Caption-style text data
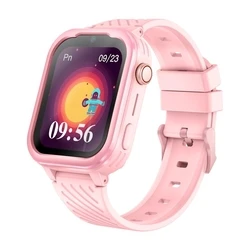 Παιδικό Smartwatch Garett Kids Essa 4g Pink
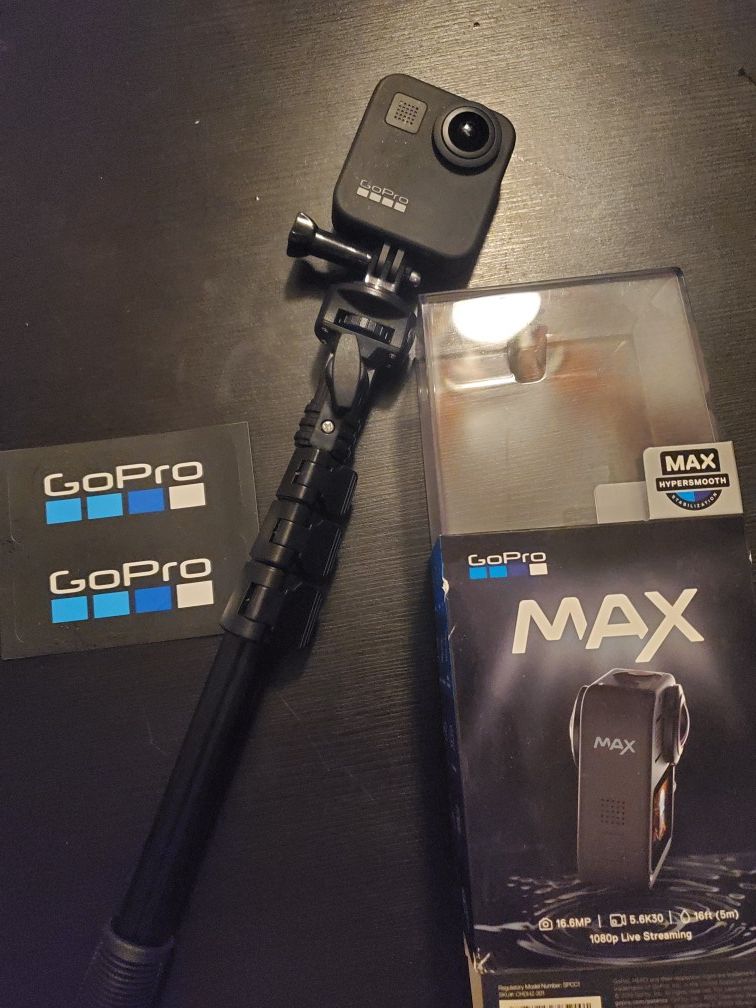 GOPRO MAX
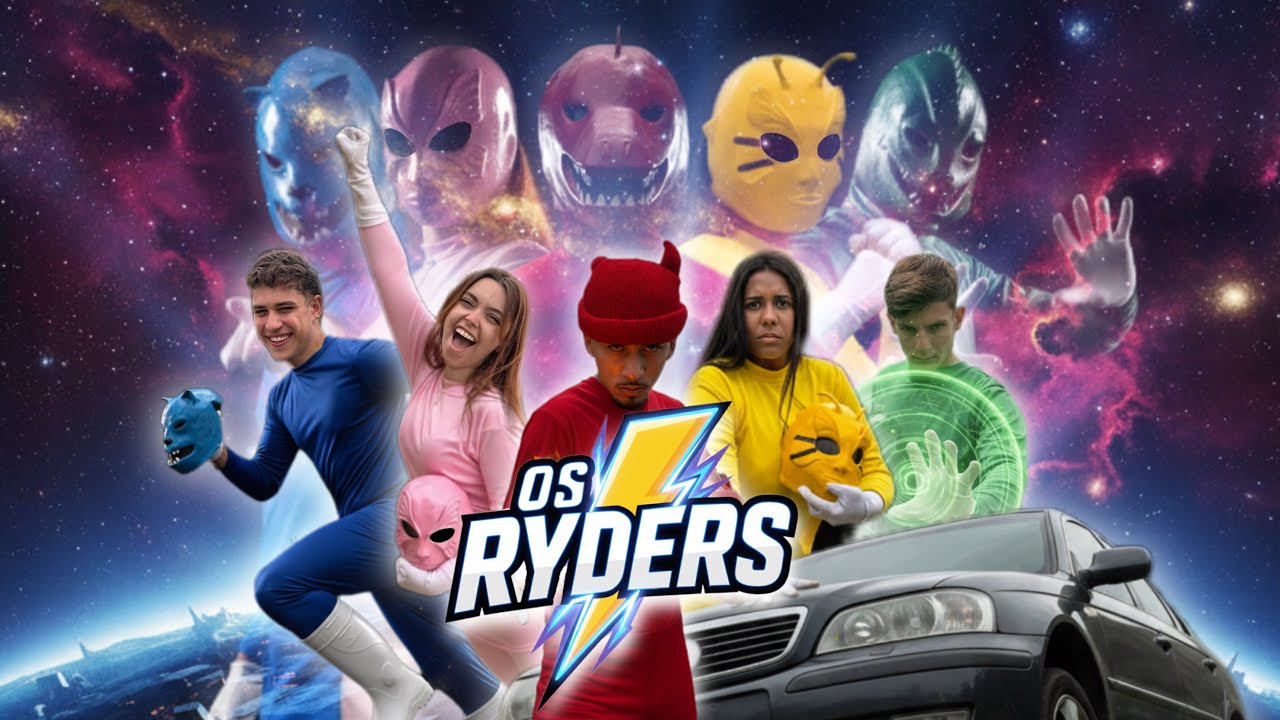 Void Ryders OS RYDERS - EPISODIO 04: UMA NOVA RYDER? - YouTube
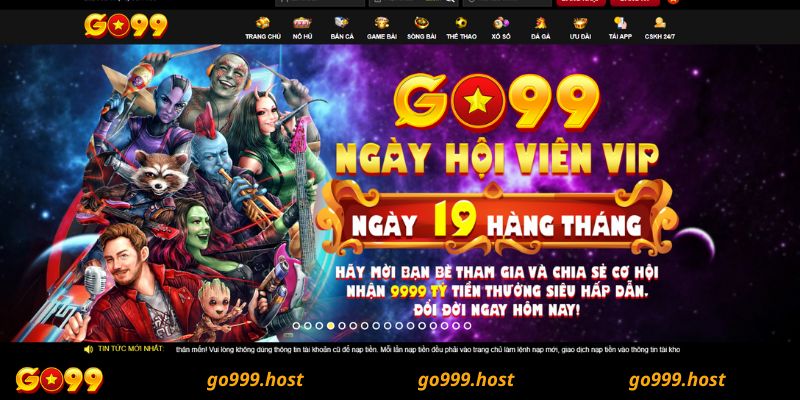 Cách đăng ký Go99 trên điện thoại dễ dàng 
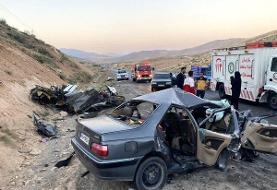 رئیس پلیس راهور: ۱۳هزار تصادف منجر به جرح و مرگ در این ایام رخ داده است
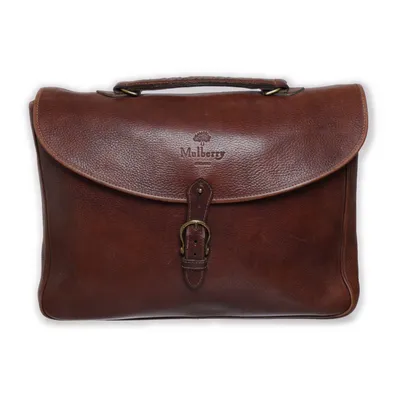 Portfölj (Brun) från Mulberry Skinn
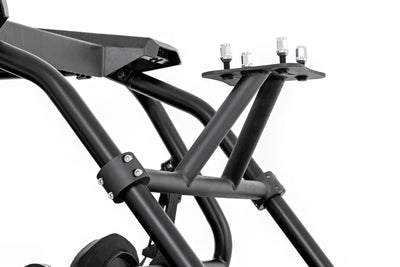 Spare Tire Carrier | Cargo Rack | Polaris RZR XP 1000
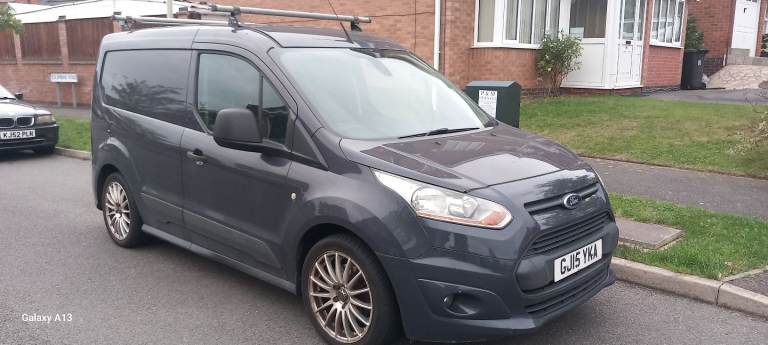 2015 FORD TRANSIT CONNECT16TDCI 86K MILES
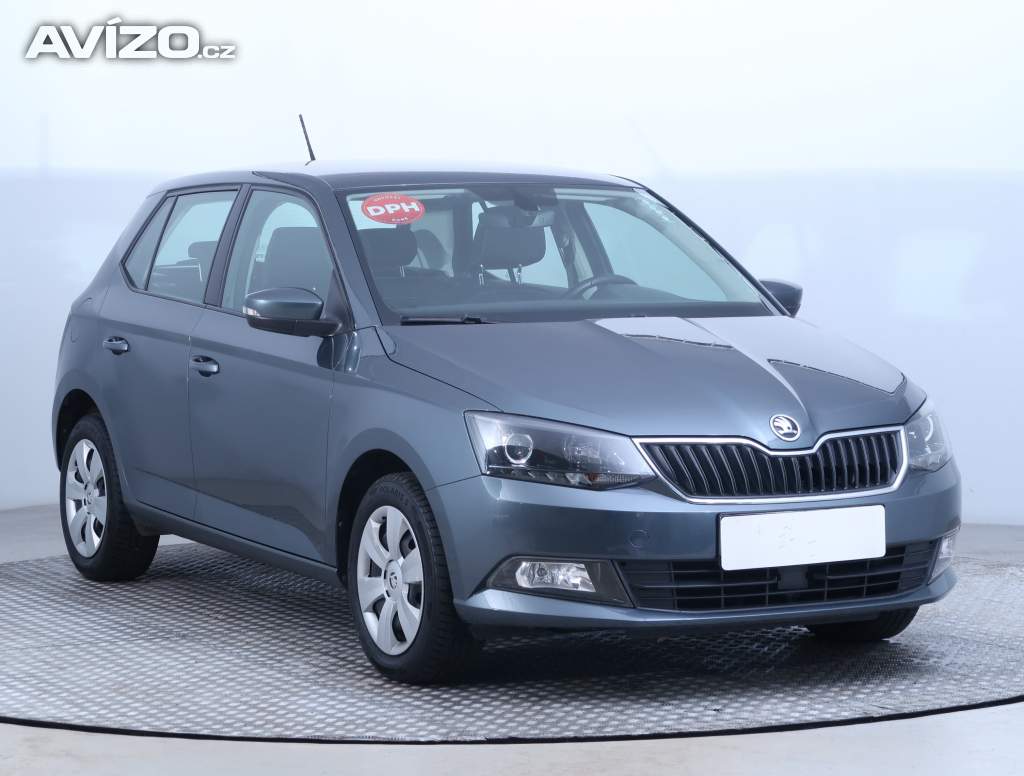 Škoda Fabia 1.0 TSI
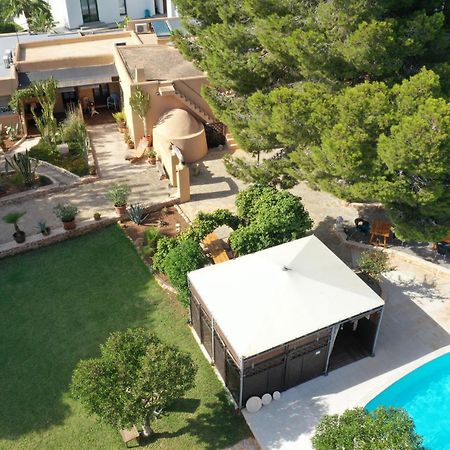 Finca Can Toni Sant Jordi de ses Salines 외부 사진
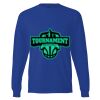 Hanes 6.1 oz. Long-Sleeve Beefy-T® Thumbnail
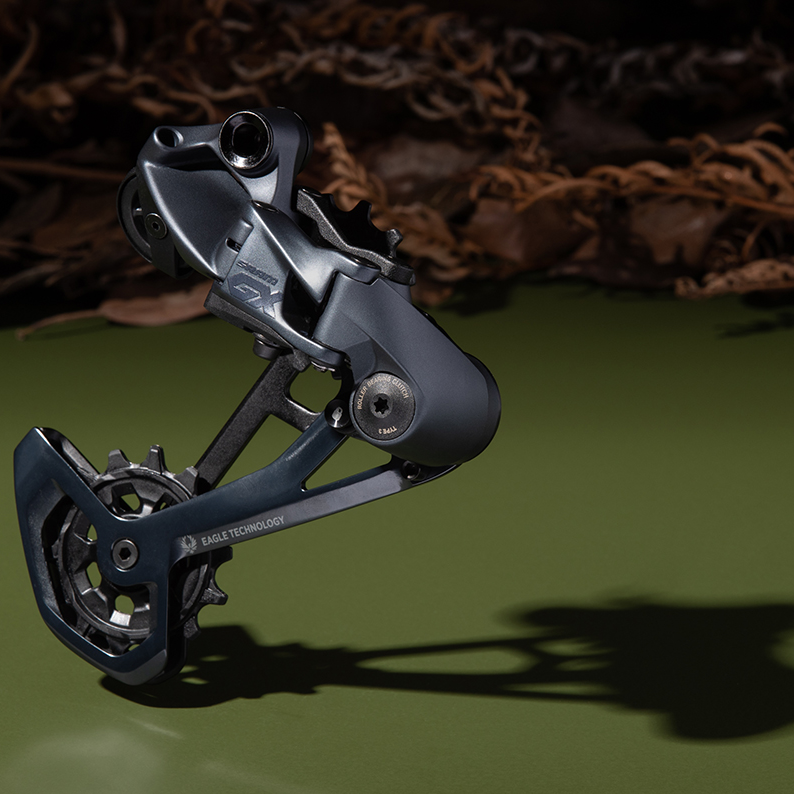 SRAM GX EAGLE 12 ταχυτήτων Lunar Πίσω ντερεκτιβ SRAM GX EAGLE 12 Speed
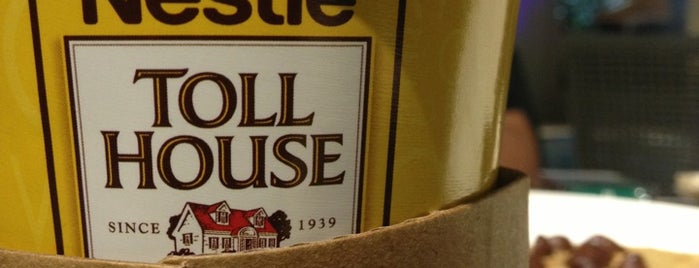 Nestlé Toll House is one of Hamad'ın Beğendiği Mekanlar.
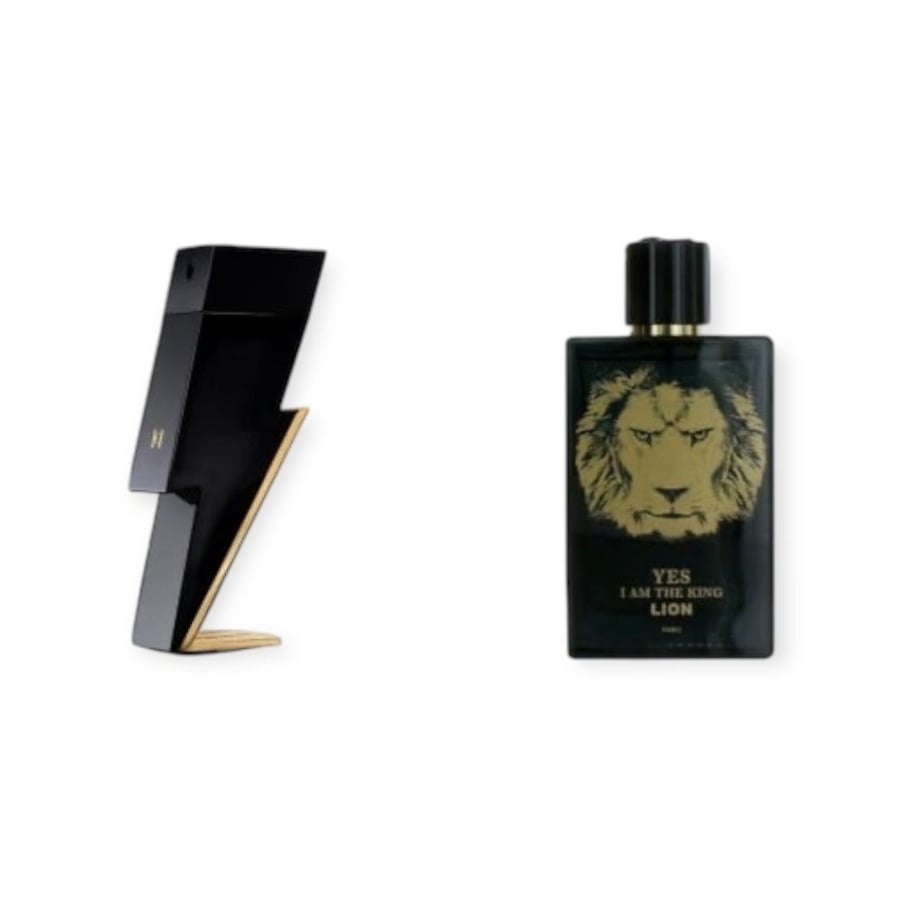 عطر الاسد YES I AM THE KING  LION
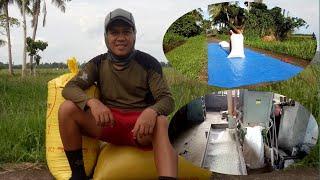 EP09 | Traditional Sun Drying + Husking/Milling of Rice | Buhay Probinsya | Leyte Philippines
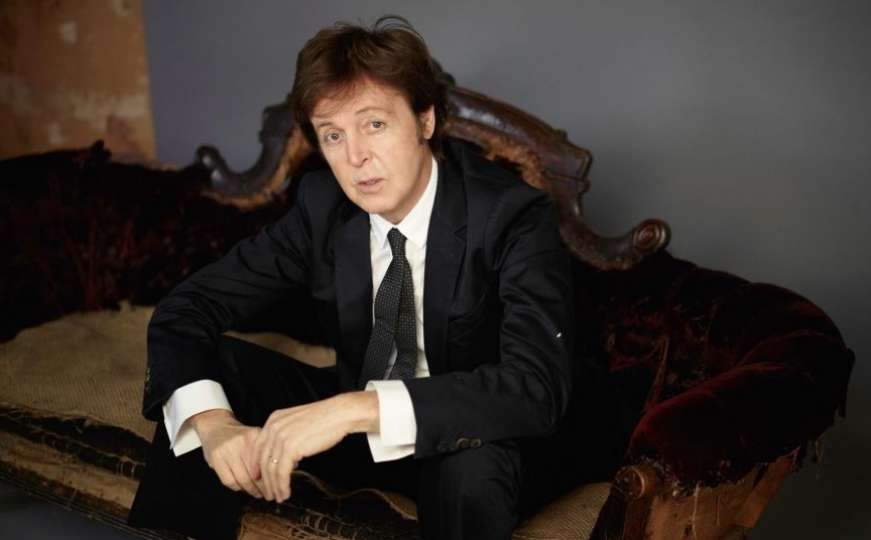 Paul McCartney na Radiju Sarajevo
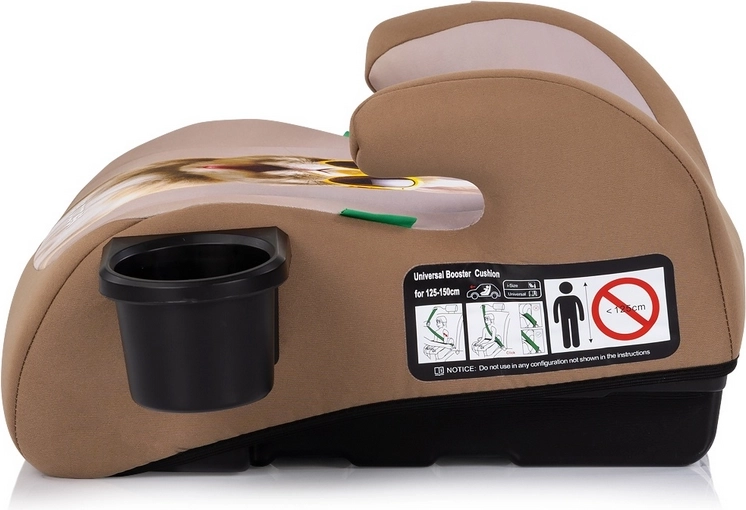 i-Size bezpečie pre deti 125–150 cm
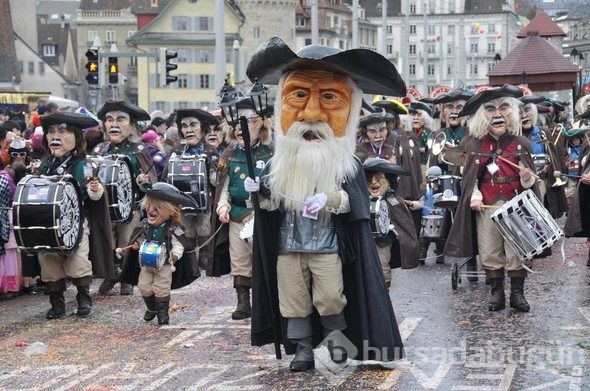 Doyasıya eğleneceğiniz kış festivalleri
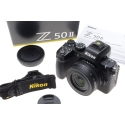 NIKON Z 50 II NOIR + 16-50 MM 3725 CLICS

* What needs to be done
Give back every record precisely as it stands, without the images.

* Completed exercise
 Παιδικό Smartwatch Garett Kids Essa 4g Pink
 GOPRO MAX
 Void Ryders OS RYDERS - EPISODIO 04: UMA NOVA RYDER? - YouTube
 Cách đăng ký Go99 trên điện thoại dễ dàng 
 رئیس پلیس راهور: ۱۳هزار تصادف منجر به جرح و مرگ در این ایام رخ داده است
 Portfölj (Brun) från Mulberry Skinn
 Spare Tire Carrier | Cargo Rack | Polaris RZR XP 1000
 2015 FORD TRANSIT CONNECT16TDCI 86K MILES
 Škoda Fabia 1.0 TSI
 Finca Can Toni Sant Jordi de ses Salines 외부 사진
 Hanes 6.1 oz. Long-Sleeve Beefy-T® Thumbnail
 SRAM GX EAGLE 12 ταχυτήτων Lunar Πίσω ντερεκτιβ SRAM GX EAGLE 12 Speed
 Nestlé Toll House is one of Hamad'ın Beğendiği Mekanlar.
 عطر الاسد YES I AM THE KING  LION
 EP09 | Traditional Sun Drying + Husking/Milling of Rice | Buhay Probinsya | Leyte Philippines
 Paul McCartney na Radiju Sarajevo
 i-Size bezpečie pre deti 125–150 cm
 Doyasıya eğleneceğiniz kış festivalleri
 NIKON Z 50 II NOIR + 16-50 MM 3725 CLICS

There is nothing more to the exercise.